“In another thirty years people will laugh at anyone who tries to invent a language without closures, just as they’ll laugh now at anyone who tries to invent a language without recursion.” — Mark Jason Dominus
You might be wondering what all of the talk about closures is about, really. You might be scratching your head at the boring examples that just run a simple little counter inside a function. You might be wondering how functional programming can be more fundamental than (and even able to subsume) object oriented programming. You might be disappointed that Mark Jason Dominus hasn’t gotten his book up on-line, yet. You might be willing to settle for a quick dumb example in Common Lisp written by an average developer. If any of the previous guesses are right, you came to the right place.

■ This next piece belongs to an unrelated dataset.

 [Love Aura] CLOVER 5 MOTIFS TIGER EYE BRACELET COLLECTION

In this text file, you’ll find a mere
16 13 lines of code that define a small chunk of OOP in Common Lisp. The code should not only be understandable to beginners, but it was actually written by a beginner– so it should also hopefully give an indication of how easy it is to build “new” fundamental-ish programming concepts onto Common Lisp.
An “obi,” as I define it here, is somewhat like an object, but there are some key differences. (I call my version of an object an “obi” because I’m implementing just a very small piece of OOP.) An “obi” is a hash table wrapped up in a closure. The closure provides one of the main pillars of OOP: encapsulation. Nothing in your program can mess with the variables inside of closure without interacting through the function call that the closure provides. The hash table provides a place to store all of your properties and methods. Because Lisp is dynamically typed and because functions are first-class objects, there’s really no need to make a difference between properties and methods. In an “obi,” functions are just one of the many information types that can be stored in the hash table.

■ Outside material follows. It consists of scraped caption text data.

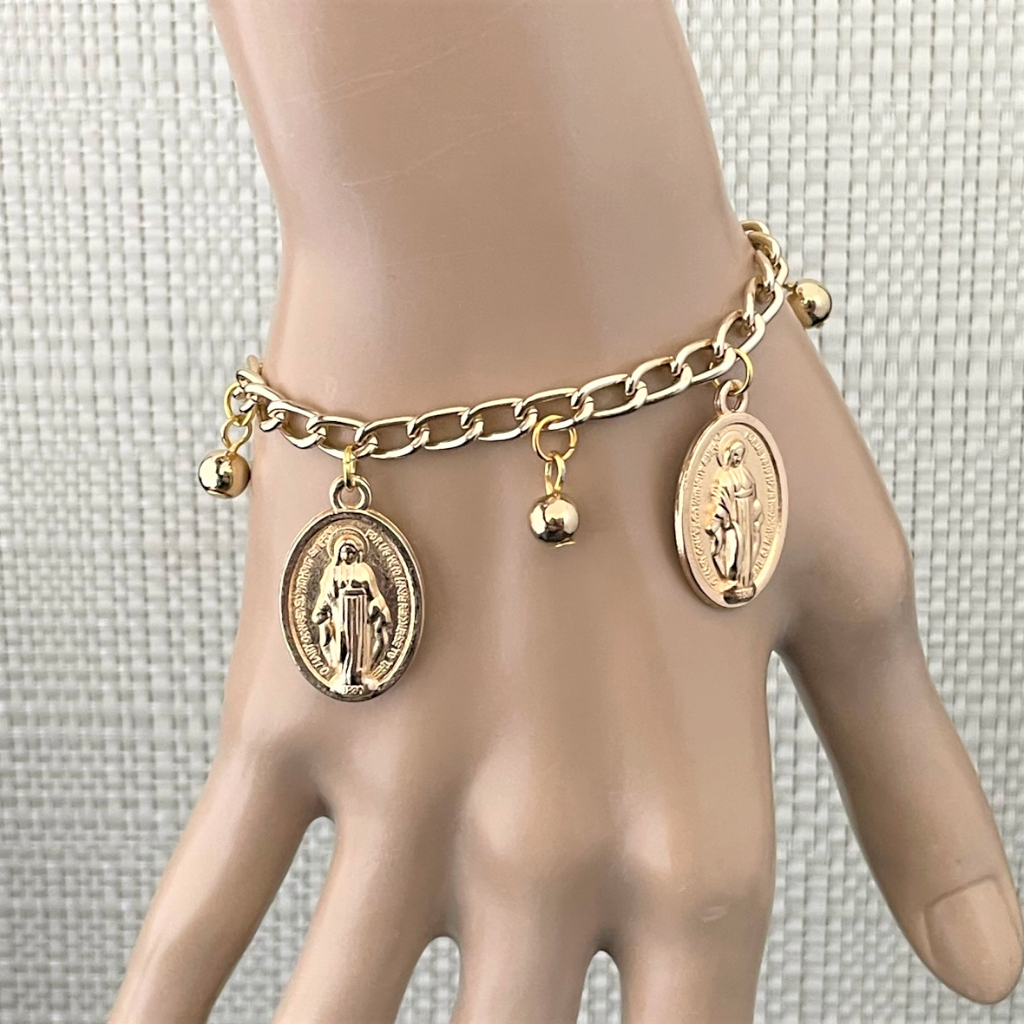 Gold Saint Mary Charm Bracelet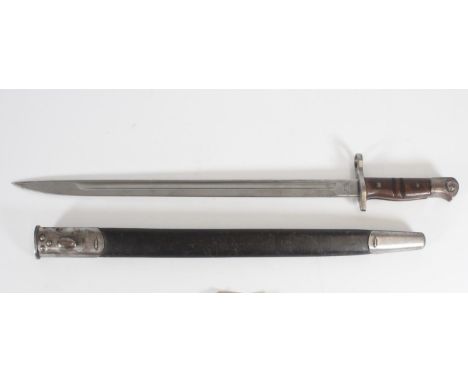 British 1913 pattern sword bayonet for the P14 rifle, the fullered blade with ricasso stamped with '1913' and dated '6 17' fo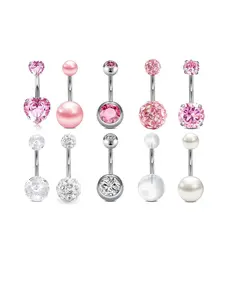 10pcs/set Elegant Rhinestone Heart Decor Belly Button Ring, Trendy Women Belly Piercing Body Jewelry, Classic Fashion Accessories for Daily Wear, Valentine's Day Gift, Body Piercings Set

In the example below, we see an obi being used from the REPL prompt. Its color and shape properties are set and also a function called add is put in and called. The “.” is used in Common Lisp to notate a dotted list, so I used ~ to represent “get”, ~> to represent the create/set a property/method, and ~! is used to represent a call to an obi’s function:
; SLIME: The Superior Lisp Interaction Mode for Emacs
CL-USER> (setf f (create-obi))
CL-USER> (~> f ‘color ‘red)
CL-USER> (~> f ‘shape ‘square)
CL-USER> (~ f ‘color)
CL-USER> (~ f ‘shape)
CL-USER> (~> f ‘add #’+)
CL-USER> (~! f ‘add ‘(1 2 3 4 5 6 7))
Obi’s lack any form of “type”– in fact, you can add additional properties and methods to them at any time. Even if you don’t intend to use Common Lisp in a production application, this is an option that should be in your mental tool box. You may not always need to resort to using inheritance or subclassing to create a variation of an object you defined. If you think a little bit more functionally, you can abstract out the bulk of the design and then allow other developers to customize its use by setting or overriding some of the key functions. Of course, in a wide-open typeless setting, that’s a feature you get whether you think you want it or not!
For a much more elegant and substantive example of how to implement OOP in Common Lisp with an insanely small amount of code, see Paul Graham’s Ansi Common Lisp.

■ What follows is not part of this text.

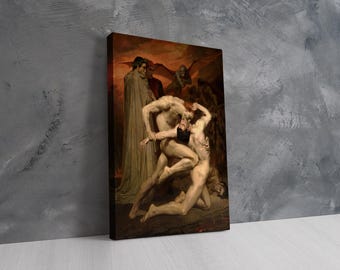 Dante e Virgilio Wall Art, Decorazione per la casa su tela enorme, William Adolphe Bouguereau, Decorazione da parete Dante e Virgilio all&#39;inferno, Tela Dante e Virgilio
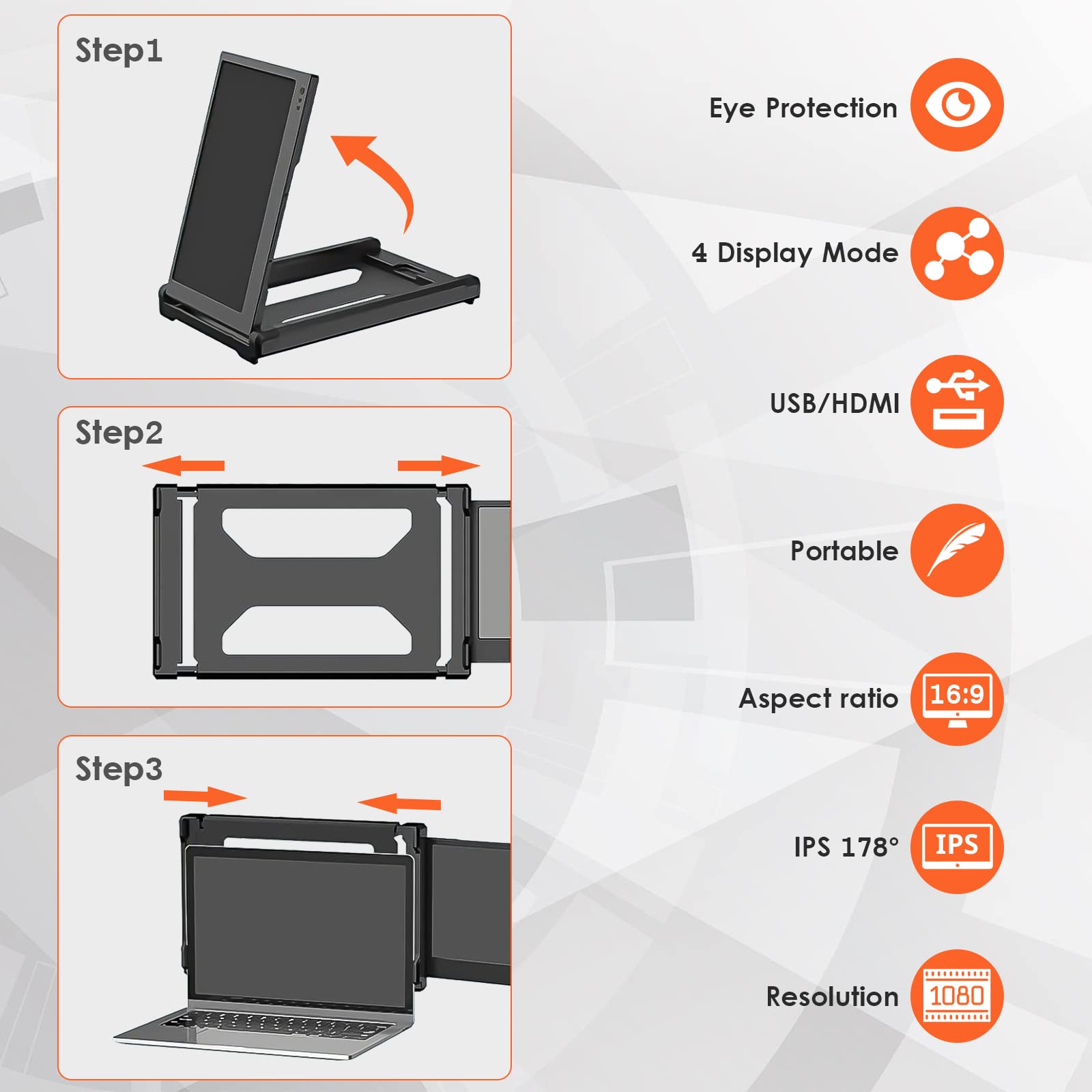 Kefeya Laptop Screen Extender, Portable Monitor For Laptop 12'' Full Hd Ips Display, Dual Monitor Extender Compatible With 13 16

PS If anyone knows how to trick WordPress into letting me display Lisp code without destroying the indenting, please let me know.
PPS Looking at the search engine traffic coming in here, I see that (besides all of the people trying to figure out carriage returns in Emacs) there are a few coming to the site for stuff like “lisp closures,” “oop in lisp” and “lisp hash tutorial.” Hopefully this post will provide a little more substance for those folks than the previous drivel I’ve spewed forth here in my clumsy efforts to get used to some of these new ideas.
PPPS Please forgive the hyperbole in the title.